As for accuracy... Particularly for short, "standard expressions" that crop up again and again in the types of documents we produce, Web-based translations provide a means for anyone to submit an improvement or correction. Assuming that Google or Microsoft or whoever is used as the Translation Partner properly evaluates, accepts and implements suggestions for future use of the same expression, we should expect that within rather short order future documents should be translated extremely well.
If there is any interest in openSUSE/SUSE to investiggate the capabilities of this technology, a project should be designated that can properly evaluate whether machine translation is worthless or promising and if desired I am willing to shepherd it.
'shepherd' or 'do' ;-)
I wouldn't know what would be needed to actually TEST this out - but you're right that there are plenty of pages not translated in plenty of languages.
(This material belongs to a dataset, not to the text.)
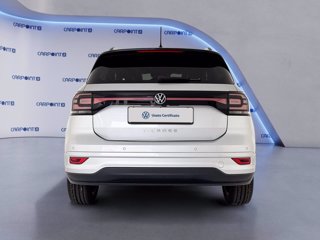 VOLKSWAGEN T-cross 1.0 tsi sport 110cv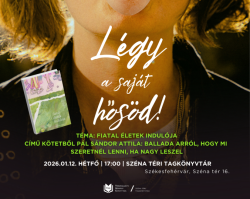 Légy a saját hősöd!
Quite a few of our sites are in github, maybe you can set up a test version with a translation system of, say, openbuildservice.org: fork https://github.com/openSUSE/o-b-s.org and add the translation system, then run it somewhere so ppl can check it out. If it's better than what we have (and from your comments I take it it will be) you can just make a merge request to the github repo and the maintainers get it up. And done, one down, a dozen to go :D
Then there is the wiki. How do we support our translators with this, can google translate be helpful for that? For example, maybe it is possible to have an auto-translate run over our wiki pages so all pages get translations in say the basic 25 languages or so. Then people can edit as things used to are...
Is that possible? Is there a mediawiki tool which can crawl our en.opensuse.org wiki and, for pages that have no de.opensuse.org, fr.opensuse.org etc etc equivalents, create and fill them? If you 'just' manage to do that, our wiki has become far more accessible to non-native speakers...
On Sun, Sep 23, 2012 at 1:46 AM, Jan Engelhardt firstname.lastname@example.org
On Tuesday 2012-09-11 23:20, Tony Su wrote:
Both are free and only take seconds then ask for a native speaker review to clean up any idioms and colloquials.
The time to weed out the bugs of automatic translation is close to doing a non-automated, more targeted translation. Especially the farther east you go on the globe (Japanese TL with Google is pretty much unusable in either direction) and/or dealing with highly-technical words (and fillers) - which the announcement is in no way short of, like "Call For Papers", "to keynote", "to kick off", "workshop", "track", "session", "usability expert", and (obviousisms like) "speakers talking".